Instead, Radjou preaches the benefits of what he views as three ingredients for success in the current manufacturing environment: innovation, flexibility and services. Regarding the first, he says, "You need to focus on coming up with some kind of product innovation that makes your customers feel like you have something unique, something that they haven't seen elsewhere." On flexibility, Radjou says this implies that companies must learn not only to be responsive to rapidly evolving customer requirements but also to combine responsiveness with operational effectiveness, which translates into the ability to "gracefully scale their operations up and down" as demand fluctuates or market circumstances change.
And finally, the analyst calls on manufacturers to find new ways of wrapping services around their products so that they can embed themselves more deeply within their customers' processes. "You need to think about what else you can offer your customer to make that customer feel like you're a solution provider that is an integral part of, say, their product development process or asset management process," Radjou explains. "That requires a mindset where you're not looking at customers and just thinking about them as passive buyers of products, but you're actively thinking about addressing customers' pain-points and helping them better serve their own customers."
Naturally, each of these ingredients for success entails specific challenges in its own right. Take innovation. At Freudenberg-NOK, the company has been working to address its customers' future needs by working on such next-generation technologies as fuel cell sealing systems, magnetic encoders for vehicle dynamics systems and active power train mounts. But driving innovation at the company has required bringing together multiple product development teams coming from several different corporate cultures and tackling over-arching project management requirements to ensure product quality and to reduce costs.
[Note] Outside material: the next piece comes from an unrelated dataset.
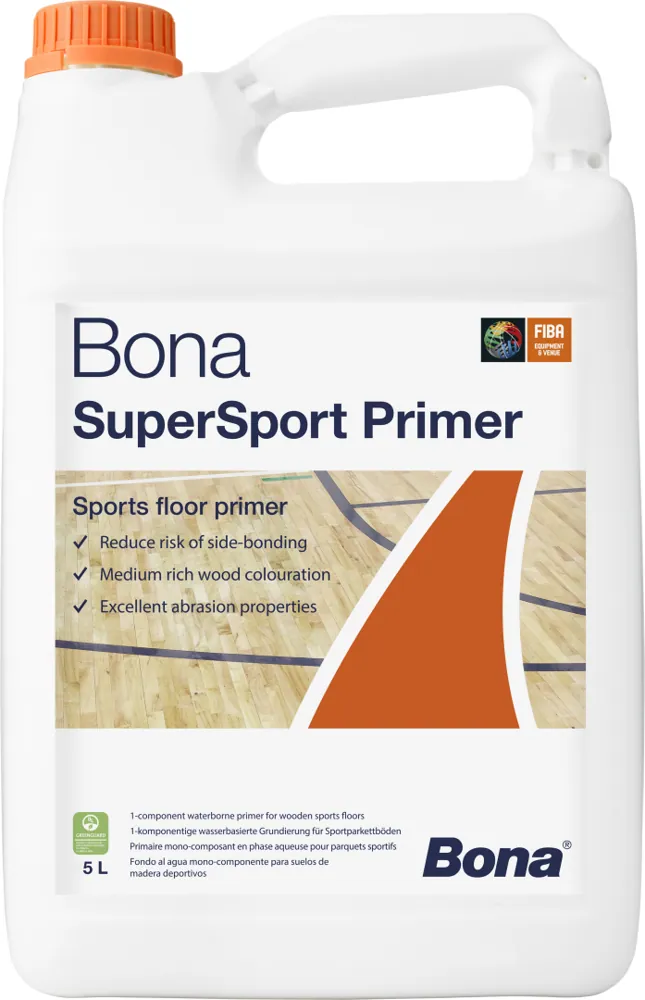 SuperSport Primer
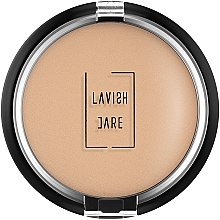 УЦЕНКА Компактная пудра для лица - Lavish Care Longwear Compact Foundation Pressed Powder * — фото N2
Freudenberg-NOK resides at the upper end of the mid-market spectrum, with sales of close to $1 billion. Formed in 1989 as an American partnership between the global Freudenberg Group and NOK, the company is, as Thomas Gill says, caught in the middle between large automotive OEMs focused on lowering costs while raising quality, and raw materials suppliers seeking to raise their own prices. Contending with these market forces, Freudenberg-NOK has continuously undertaken production-oriented initiatives, with a heavy focus on lean manufacturing including through a company project called Growtth, or "Get Rid Of Waste Through Team Harmony," Freudenberg-NOK's company-wide program stressing lean business practices.
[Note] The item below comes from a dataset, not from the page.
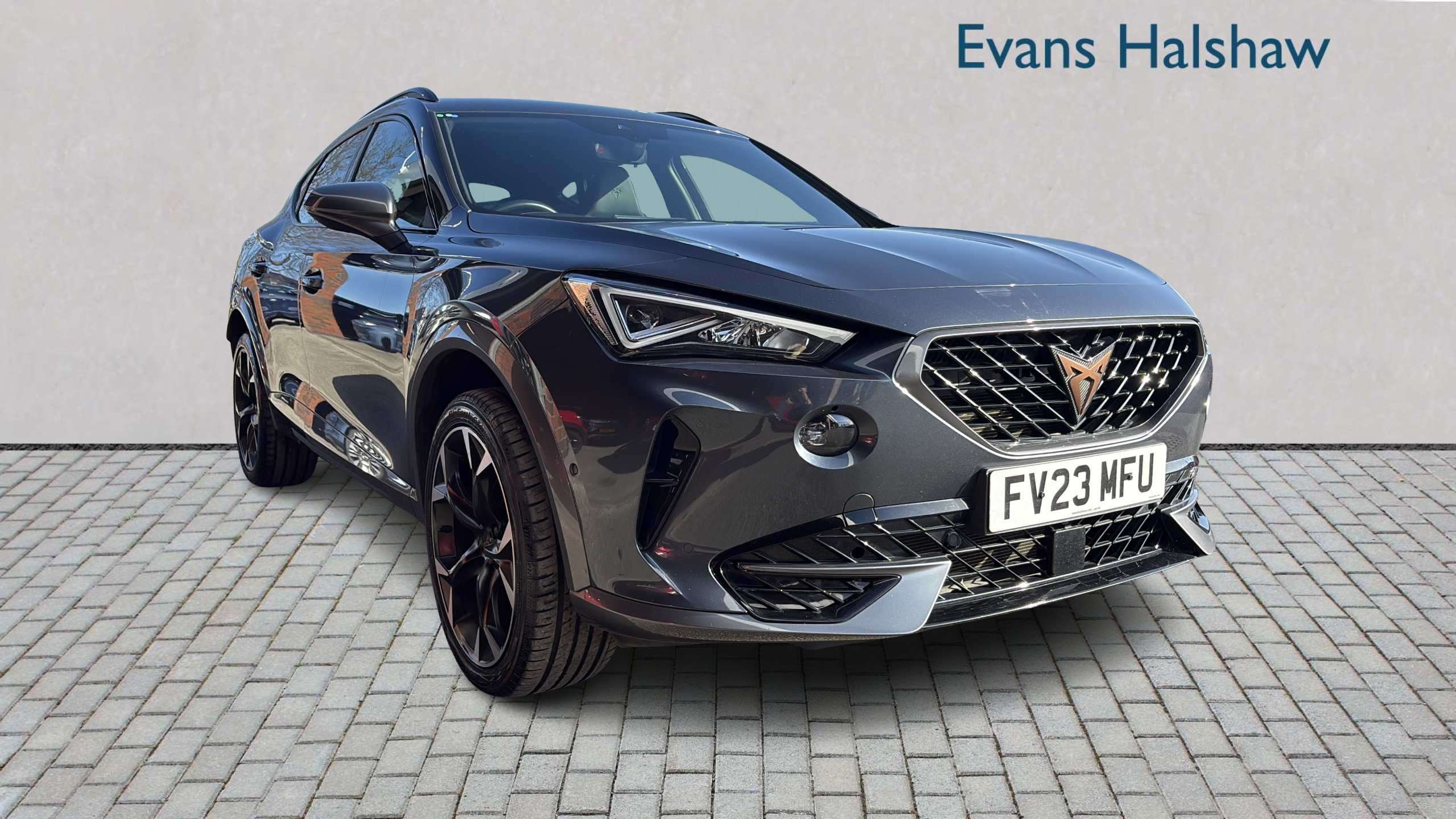 Main listing image - Cupra Formentor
On the product development side, the company has focused on advanced product quality planning (APQP), the automotive product development standard. However, implementing APQP company-wide prompted Freudenberg-NOK to re-examine how it managed its nearly two-dozen geographically dispersed product development teams. Viewing its capacity for managing those teams as a critical factor for the success of its innovation strategy, the company opted to implement a product lifecycle management solution, Aras PLM, in order to get its various development projects under better control.
Freudenberg-NOK's own IT staff worked with Aras specialists to create a "stage-gate" product development template for use across the company, introducing a standard process for all the product teams to follow as they work their way through projects. "The thought is," Gill explains, "that this will help us both on the quality side because we end up with electronic check lists to ensure that we get everything done and we don't forget anything in development and then, ideally, reduce our costs as well, because we won't be missing these steps and having to expedite things and do things over again." Importantly, in addition to these benefits, the PLM solution, which will ultimately be rolled out to some 400 users at 20 different sites, can provide executives at the company with a higher degree of visibility into Freudenberg-NOK's portfolio of development projects through built-in reports and performance metrics.
Like Freudenberg-NOK, the graphite electrode business of Wilmington, Del.-based GrafTech International historically has faced downward price pressure on the customer side and upward price pressure on the supply side. The graphite electrode business which operates six plants around the world accounts for about 65 to 70 percent of GrafTech's total revenues, which in 2003 amounted to $713 million. GrafTech formerly was a part of Union Carbide.